Несмотря на усталость, он мало спал. Среди ночи, когда лаяли овчарки, он вспоминал далекое прошлое, девятнадцатый век, легкомысленный и героический, Париж с «проклятыми поэтами», с анархистами, с коммунарами, вернувшимися из Кайены, с фиакрами и с дрейфусарами, вспоминал лекции Пастера, пламенные речи Жореса, Золя, который, поправив пенсне, сказал студенту Дюма, вздумавшему было написать натуралистический роман: «Молодой человек, литература это прежде всего служение истине…» Дюма жил заветами людей, которых помнил — Кюри и Вертело, Мечникова и Реклю; всю свою жизнь он твердо верил в торжество познания. И вот за энциклопедистами пришли двусловники. Думали о продлении человеческой жизни и додумались до лагеря медленной смерти… Дюма хотел дождаться освобождения: иначе жизнь покажется незаконченной, как книга, из которой вырвали последние страницы.
Каждый день, каждый час Дюма боролся со смертью. Он знал, что самое важное не уступить ни в чем: он вежливо со всеми разговаривал, старался тщательно мыться, хотя это было почти невозможно, продолжал думать о своей работе. Не было книг; он от этого страдал и вспоминал давно прочитанное. Часто он повторял слова Паскаля:
«Человек только тростник, самое хрупкое из всего существующего, но это мыслящий тростник. Капля воды может его убить. Но даже если вся вселенная ополчится на него, он все же будет выше своих убийц, ибо он может осознать смерть, а слепые силы лишены сознания.

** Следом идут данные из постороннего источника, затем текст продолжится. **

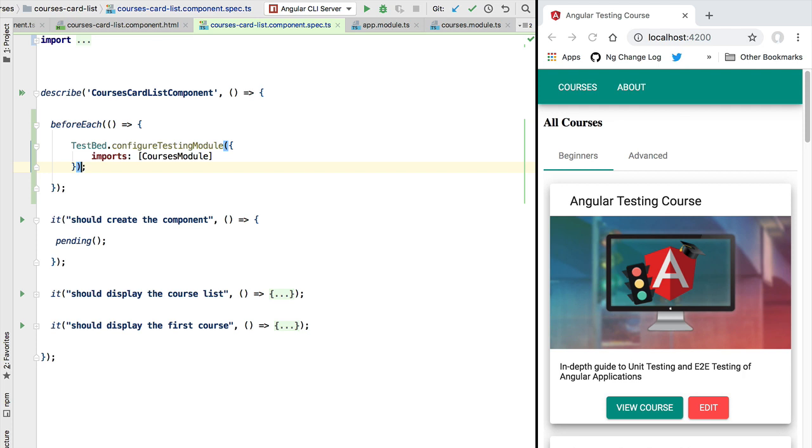Hello everyone and welcome back. In this new lesson we are going to complete the test setup for our Angular presentational components. We're going to talk about some of the typical pitfalls that you might find while setting up Angular component testing.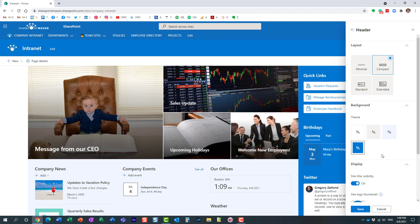And it might not be that obvious, because there is really no area for you to upload that image. What you need to do is change the layout, the style of the header.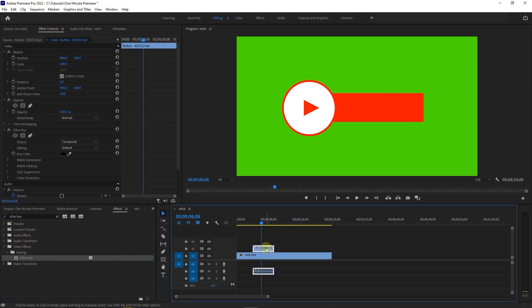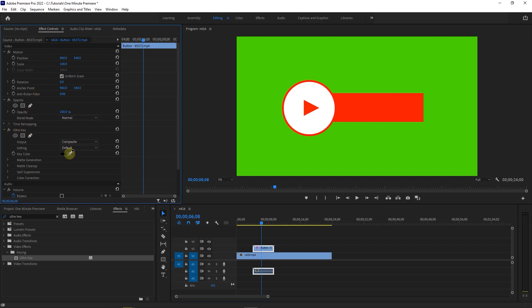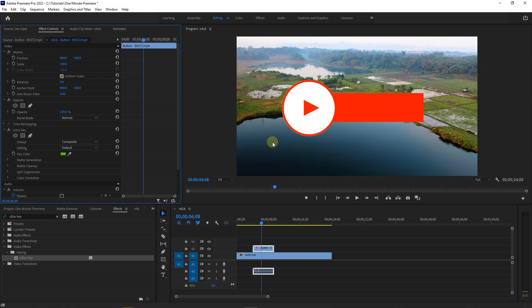With your green screen selected, go to Effect Controls and under Ultra Key, click on the Eyedropper tool and then select the green color. Now the green screen is removed.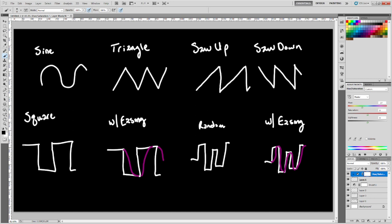Square is either going to be the max position and then the min position. And square with easing, once it switches to the min position, it's going to ease to that position. Once it switches to the max, it's going to ease into the max.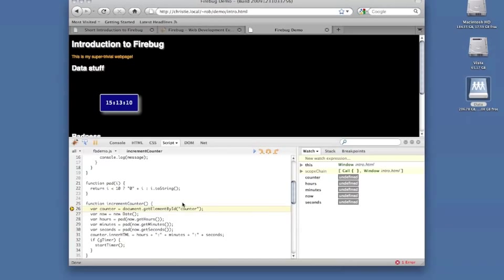Once you're in a breakpoint, the watch subpanel shows all variables defined in your current scope. Here you can set a watch expression to break when your expression evaluates to true.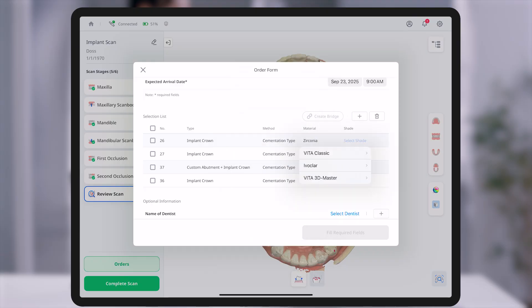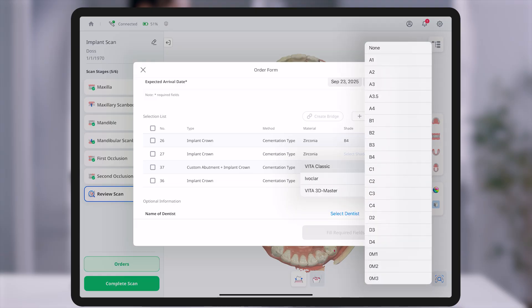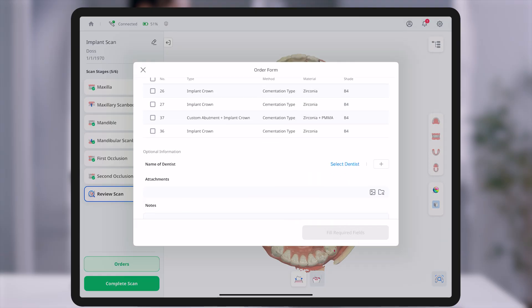This information serves as the foundation for dental laboratories to create precise restorations, so accuracy and completeness are essential.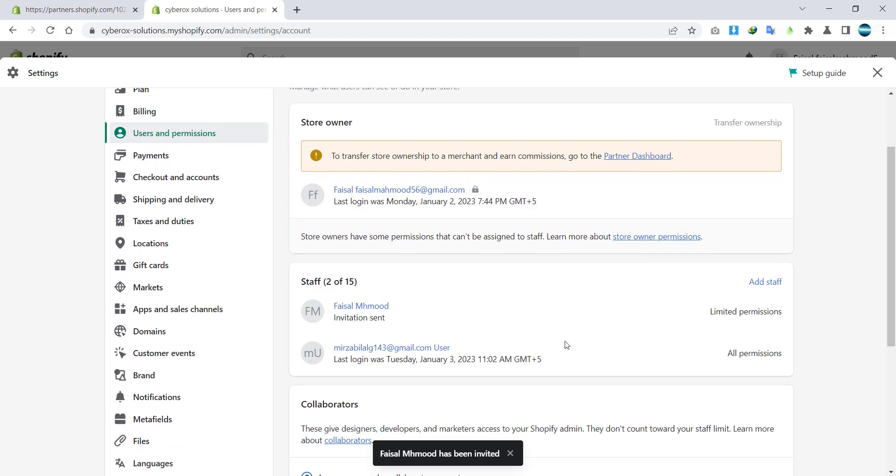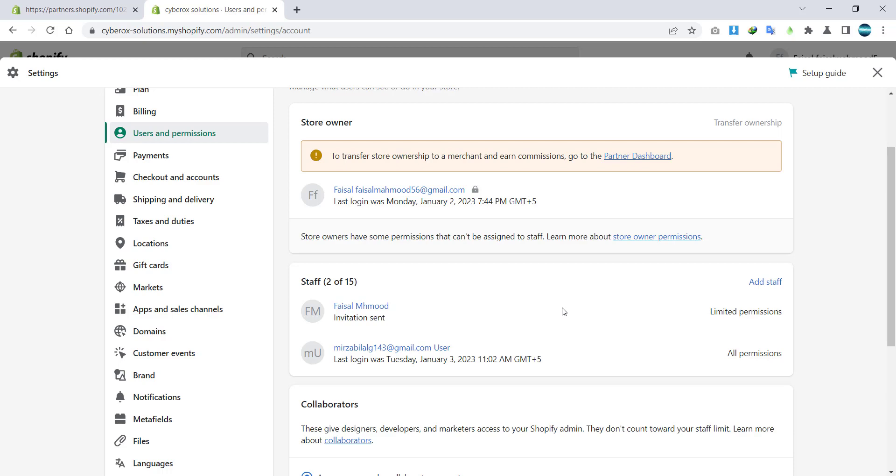So after sending the invitation, your new staff member will see an email in their account by logging into their Gmail, Hotmail, whatever email they have provided to you. They will see an email from Shopify. Let me show you.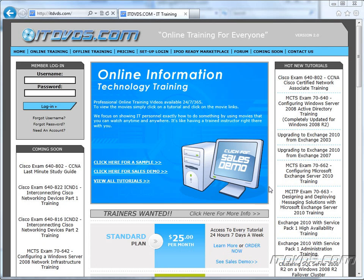Welcome to the ITDVDs.com YouTube channel. This is just a sample of the training available at ITDVDs.com. If you would like to see complete training, please go to ITDVDs.com. Now let's begin the sample.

Итак, все наше достоинство в мысли…»
Он поддерживал товарищей по несчастью, он знал, что Костера нужно развеселить, и рассказывал ему марсельские анекдоты, чеха Франца он посвящал в проблемы современной антропологии, с парижанином Дюкре вспоминал названия всех станций метро от Итали до Этуаль. Жадно впитывал он все, что напоминало о разноликой и сложной жизни. В бараке находился русский офицер Евстигнеев, пытавшийся дважды убежать из лагеря для военнопленных. Дюма с ним подружился, стал изучать русский язык, расспрашивал Евстигнеева о системе трудодней, о нравах ненцев, о московском балете. Все интересовало старого профессора. Делар до войны разводил возле Тулузы кроликов, и Дюма охотно слушал, какими именно болезнями болеют кролики. Он мог заинтересоваться даже рассказами Костера о светлых табачных листах, получаемых с Суматры, хотя никогда в жизни не курил сигар. Он поддерживал других своим внутренним весельем. Ристич говорил: «На одном конце лагеря — крематорий, на другом — Дюма: профессор здесь представляет жизнь».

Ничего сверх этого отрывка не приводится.